The finance minister of Argentinia, who is approaching the end of almost five years in that turbulent office, said here yesterday that he will step down confident that his efforts to implant a free-market economy have taken root.

Jose Alfredo Martinez de Hoz, in Washington for the IMF-World Bank meeting, said he is unable to say who his successor will be when the current military government leaves office in April.

"But the important thing is that Argentina has accepted the principle that retaining something moderately good is better than trying to get something perfect."

As the architect of a financial policy that has taken 4 1/2 years to bring inflation down to an annual rate of 88 percent -- from the high 300s -- Martinez de Hoz speaks with poignant experience. In the 30 years before he took office, the minister pointed out during an interview, there were 30 finance ministers, none lasting more than two years.

"Not many Argentines thought we would last five years. But we have learned from our past mistakes," he said. It has not been tranquil. Martinez de Hoz, as the one civilian in a major ministry of the military government that seized power in 1976, early on because the one permissible open target for scathing public criticism.

Even though the military has established machinery for succession to another general in the presidency, the ruling junta of armed forces commanders still are disputing which it will be. And according to reports from Buenos Aires, the Navy's opposition to the free-market approach of Martinez de Hoz is a factor in the dispute.

Martinez de Hoz denied this, declaring that "the armed forces have approved the main policy guidelines" he laid down, incorporating them in the military's five-year plan to take effect as he departs in April.

Those guidelines have included a drastic reorientation from a state-planned to a free-enterprise economy, lowering of trade barriers and reduction of subsidies that used to permeate the society.

Among the "moderately good" results he proclaimed is reduction of inflation so that, while still high, "the trend is right." While the state formerly generated 40 percent of the gross domestic product, it now is responsible for 35 percent, and again he feels a trend has been established.
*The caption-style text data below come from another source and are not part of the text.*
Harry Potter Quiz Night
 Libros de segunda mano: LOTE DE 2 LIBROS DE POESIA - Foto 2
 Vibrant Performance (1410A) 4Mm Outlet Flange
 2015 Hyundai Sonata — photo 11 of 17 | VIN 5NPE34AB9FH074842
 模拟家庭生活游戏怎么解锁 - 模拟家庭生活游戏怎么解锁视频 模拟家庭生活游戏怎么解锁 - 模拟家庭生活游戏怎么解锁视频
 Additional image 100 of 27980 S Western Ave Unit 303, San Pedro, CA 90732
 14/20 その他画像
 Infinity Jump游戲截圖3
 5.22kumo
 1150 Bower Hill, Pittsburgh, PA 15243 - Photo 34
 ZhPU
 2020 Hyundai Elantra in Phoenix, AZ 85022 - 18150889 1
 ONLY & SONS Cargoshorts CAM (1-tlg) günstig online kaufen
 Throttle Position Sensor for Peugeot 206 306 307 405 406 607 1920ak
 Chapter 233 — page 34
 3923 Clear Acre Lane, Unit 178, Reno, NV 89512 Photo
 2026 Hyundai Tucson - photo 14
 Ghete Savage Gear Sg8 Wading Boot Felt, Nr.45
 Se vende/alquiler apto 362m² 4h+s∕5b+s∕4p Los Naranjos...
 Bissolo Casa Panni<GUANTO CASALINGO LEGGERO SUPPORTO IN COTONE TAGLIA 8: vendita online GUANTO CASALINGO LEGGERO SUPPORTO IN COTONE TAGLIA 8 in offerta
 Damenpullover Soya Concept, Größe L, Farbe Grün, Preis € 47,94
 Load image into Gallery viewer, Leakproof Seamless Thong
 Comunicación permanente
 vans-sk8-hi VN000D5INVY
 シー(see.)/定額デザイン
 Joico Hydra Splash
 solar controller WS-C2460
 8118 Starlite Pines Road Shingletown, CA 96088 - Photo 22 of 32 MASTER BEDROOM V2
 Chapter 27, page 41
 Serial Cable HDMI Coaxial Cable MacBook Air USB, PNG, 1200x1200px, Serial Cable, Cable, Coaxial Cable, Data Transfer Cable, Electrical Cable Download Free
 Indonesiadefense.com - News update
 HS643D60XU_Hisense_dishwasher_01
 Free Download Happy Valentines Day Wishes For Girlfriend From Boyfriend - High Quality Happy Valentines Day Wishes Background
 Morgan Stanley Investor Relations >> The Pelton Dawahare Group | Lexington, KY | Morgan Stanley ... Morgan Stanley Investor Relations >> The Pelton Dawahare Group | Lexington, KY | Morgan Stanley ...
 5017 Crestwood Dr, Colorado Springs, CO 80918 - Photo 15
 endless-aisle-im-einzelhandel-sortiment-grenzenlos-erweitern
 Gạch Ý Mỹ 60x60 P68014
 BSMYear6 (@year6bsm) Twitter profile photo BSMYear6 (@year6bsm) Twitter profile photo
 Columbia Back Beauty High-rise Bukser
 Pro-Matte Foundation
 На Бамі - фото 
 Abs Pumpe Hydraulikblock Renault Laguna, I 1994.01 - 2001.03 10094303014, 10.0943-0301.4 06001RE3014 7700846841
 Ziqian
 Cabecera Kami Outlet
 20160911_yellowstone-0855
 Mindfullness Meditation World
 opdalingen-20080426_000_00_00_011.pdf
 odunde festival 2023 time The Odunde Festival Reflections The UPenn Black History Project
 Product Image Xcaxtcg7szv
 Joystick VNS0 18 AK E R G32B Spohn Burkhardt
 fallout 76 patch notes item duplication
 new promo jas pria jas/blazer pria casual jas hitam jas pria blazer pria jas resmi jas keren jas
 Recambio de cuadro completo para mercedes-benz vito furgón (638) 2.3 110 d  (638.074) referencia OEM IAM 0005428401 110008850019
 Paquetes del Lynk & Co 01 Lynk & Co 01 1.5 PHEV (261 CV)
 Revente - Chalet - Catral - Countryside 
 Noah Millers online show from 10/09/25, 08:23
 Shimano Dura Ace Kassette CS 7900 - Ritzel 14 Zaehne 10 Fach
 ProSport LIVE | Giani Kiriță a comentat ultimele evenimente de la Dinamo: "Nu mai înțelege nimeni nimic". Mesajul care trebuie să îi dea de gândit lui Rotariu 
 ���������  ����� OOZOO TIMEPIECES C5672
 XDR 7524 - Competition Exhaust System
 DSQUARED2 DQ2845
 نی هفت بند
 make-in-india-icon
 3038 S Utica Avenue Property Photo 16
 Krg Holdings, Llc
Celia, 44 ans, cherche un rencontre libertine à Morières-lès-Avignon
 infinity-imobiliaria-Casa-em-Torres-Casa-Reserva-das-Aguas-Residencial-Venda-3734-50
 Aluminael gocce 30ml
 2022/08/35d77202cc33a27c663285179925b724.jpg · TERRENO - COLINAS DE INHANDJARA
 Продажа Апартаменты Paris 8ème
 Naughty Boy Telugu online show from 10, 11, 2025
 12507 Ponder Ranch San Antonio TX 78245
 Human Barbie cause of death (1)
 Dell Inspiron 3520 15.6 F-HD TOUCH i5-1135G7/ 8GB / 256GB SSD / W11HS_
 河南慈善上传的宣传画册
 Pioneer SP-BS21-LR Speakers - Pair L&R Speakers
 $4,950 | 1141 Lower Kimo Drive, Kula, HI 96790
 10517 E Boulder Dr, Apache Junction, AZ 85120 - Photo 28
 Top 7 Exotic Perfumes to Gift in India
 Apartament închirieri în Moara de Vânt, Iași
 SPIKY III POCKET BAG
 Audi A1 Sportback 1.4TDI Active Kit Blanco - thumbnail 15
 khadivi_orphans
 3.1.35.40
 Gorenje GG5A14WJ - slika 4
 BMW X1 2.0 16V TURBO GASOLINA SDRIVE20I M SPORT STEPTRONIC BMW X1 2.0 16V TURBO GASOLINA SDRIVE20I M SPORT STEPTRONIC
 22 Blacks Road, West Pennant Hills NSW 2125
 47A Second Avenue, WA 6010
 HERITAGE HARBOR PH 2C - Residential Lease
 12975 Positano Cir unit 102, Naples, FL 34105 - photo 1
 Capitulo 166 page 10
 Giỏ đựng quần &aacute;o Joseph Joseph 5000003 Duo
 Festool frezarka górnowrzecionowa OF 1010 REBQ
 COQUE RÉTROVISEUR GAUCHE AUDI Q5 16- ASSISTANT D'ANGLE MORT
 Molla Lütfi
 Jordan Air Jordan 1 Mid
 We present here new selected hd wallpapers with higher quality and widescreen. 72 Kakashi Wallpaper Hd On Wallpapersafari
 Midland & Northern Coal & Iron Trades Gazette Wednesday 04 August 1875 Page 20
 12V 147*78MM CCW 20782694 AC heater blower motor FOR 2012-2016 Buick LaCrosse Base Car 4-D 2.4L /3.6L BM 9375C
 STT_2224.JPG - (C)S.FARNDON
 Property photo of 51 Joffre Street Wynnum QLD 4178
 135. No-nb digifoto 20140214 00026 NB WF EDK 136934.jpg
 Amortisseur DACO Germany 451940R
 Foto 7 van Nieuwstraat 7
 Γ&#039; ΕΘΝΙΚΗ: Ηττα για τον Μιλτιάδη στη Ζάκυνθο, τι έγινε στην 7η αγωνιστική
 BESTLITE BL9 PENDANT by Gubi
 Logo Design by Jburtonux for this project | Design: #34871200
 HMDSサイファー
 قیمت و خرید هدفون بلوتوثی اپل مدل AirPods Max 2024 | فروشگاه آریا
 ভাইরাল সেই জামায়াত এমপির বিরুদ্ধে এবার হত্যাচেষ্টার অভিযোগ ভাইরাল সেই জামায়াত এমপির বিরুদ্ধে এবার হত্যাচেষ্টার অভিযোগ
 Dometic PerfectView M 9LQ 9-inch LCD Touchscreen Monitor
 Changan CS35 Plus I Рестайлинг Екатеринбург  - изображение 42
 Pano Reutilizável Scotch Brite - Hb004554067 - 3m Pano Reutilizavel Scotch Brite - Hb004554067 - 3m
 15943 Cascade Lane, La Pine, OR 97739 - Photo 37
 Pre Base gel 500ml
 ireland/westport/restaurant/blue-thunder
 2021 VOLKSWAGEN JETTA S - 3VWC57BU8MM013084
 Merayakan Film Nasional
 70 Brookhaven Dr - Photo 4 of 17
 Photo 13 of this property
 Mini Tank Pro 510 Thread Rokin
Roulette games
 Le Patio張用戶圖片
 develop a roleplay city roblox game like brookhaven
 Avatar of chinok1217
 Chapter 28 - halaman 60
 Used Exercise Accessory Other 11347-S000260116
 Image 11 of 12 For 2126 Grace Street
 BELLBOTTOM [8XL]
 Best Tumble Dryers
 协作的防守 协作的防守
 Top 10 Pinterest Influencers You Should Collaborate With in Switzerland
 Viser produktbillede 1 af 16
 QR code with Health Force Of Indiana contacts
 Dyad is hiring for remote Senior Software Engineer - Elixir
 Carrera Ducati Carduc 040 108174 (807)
Asked how he responds to questions at meetings such as the current one about his country's notorious human rights record, Martinez de Hoz declared, "This time, no one has asked me." He acknowledged some heavy grilling in the past, although "not by finance ministers, who only discuss finances." He then offered an extensive argument that for the most part the "disappeared" in Argentina, estimated at more than 5,000, were active adversaries in an undeclared war.

Obviously pleased, though, that the question was not arising at the IMF-Bank sessions, he suggested that on the rights issue, as with the economy, Argentina has turned the corner.